My jokes
Crispy, Juicy, Tender, I just put my new-born son in a blender.
Me and my wife were out at dinner. Me being 48 and her being 19, people were screaming at us and calling me a creep. It really ruined our 10th anniversary.
So, I tell my friend a pun about Bach. She freaks out. Then I say, "I hope that wasn't too much to Handel. Don't let it Strauss you out."
For all of my musicians out there!
I had a dog with an eating disorder.
He wouldn’t eat any of my homework.
I’ll never forget my father’s last words...
Oh fuck, it’s a bus!
Memes
Depression has a tight grip
Bippity Boppity, I'm gonna shoot you off my property!
I was playing chess with my friend and he said, "Let’s make this interesting."
So we stopped playing chess.
Son: Can I go to my friend's mum? Mum: No! Son: Dad was right, I am a son of a bitch! Mum: Bad news, but you're adopted!!

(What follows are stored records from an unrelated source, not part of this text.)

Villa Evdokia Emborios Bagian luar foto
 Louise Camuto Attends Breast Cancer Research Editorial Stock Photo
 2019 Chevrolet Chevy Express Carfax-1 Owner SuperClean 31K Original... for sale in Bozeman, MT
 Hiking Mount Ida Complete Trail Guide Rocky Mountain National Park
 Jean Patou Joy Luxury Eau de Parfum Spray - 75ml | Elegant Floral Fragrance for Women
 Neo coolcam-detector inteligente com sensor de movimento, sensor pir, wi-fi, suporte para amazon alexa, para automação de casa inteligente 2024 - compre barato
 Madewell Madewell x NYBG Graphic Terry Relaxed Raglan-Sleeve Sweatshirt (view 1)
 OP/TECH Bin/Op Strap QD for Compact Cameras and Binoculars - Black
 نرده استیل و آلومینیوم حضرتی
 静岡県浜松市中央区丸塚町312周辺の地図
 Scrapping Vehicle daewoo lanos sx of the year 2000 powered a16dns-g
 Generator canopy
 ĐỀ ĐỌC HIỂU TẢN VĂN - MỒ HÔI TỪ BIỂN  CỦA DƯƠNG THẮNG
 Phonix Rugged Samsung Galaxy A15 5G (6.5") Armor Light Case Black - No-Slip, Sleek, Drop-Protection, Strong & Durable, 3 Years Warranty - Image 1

I had sex with my boss's daughter.
I didn't get fired. I'm self-employed.
Yesterday I saw an orphan walking down the street. I asked him if he was ok. He said no, so I asked him if he needed help. And he said yes, so I let him in my car and said, "Don't worry, you'll be home with you parents soon." He said, "My parents died." I said, "I know...." I went for the cliffs.
Me and my brother were called the twin towers. My brother lived up to his title after the plane crash.
I'm not racist, my best friends are black for Halloween. :)
What's the difference between a dead baby and a sandwich?
I don't put my dick in a sandwich before I eat it.
My mom told me yesterday that in this Valentine, we should take our love to new heights. So tomorrow I'm prepared to fuck her in "The Hot Seat" position.
My principal called my mom at school and said, "You should teach your son well." After coming back home, at first she taught me sex!
I'm going to draw a picture. A picture with a twist. I'll draw it with a razor blade. I'll draw it on my wrist.
"I'm sorry" and "my bad" mean the same thing, unless you're at a funeral.
My girlfriend is like treasure to me.
You need a shovel to find her.
I rode to the bottle shop on my bike yesterday. I bought a whole bottle of wine and put it in the basket on the front of my bike.
Then I thought, if I fell off my bike on the way back home, it would smash and shatter. So I drank all the wine and threw away the bottle.
It was a good idea, because I fell off my bike about four times on the way back.
Why did Susie get cut from the soccer team? She has no legs!
Who broke into my house by kicking down my door? Not Susie... But she still is in my basement, since she can't run!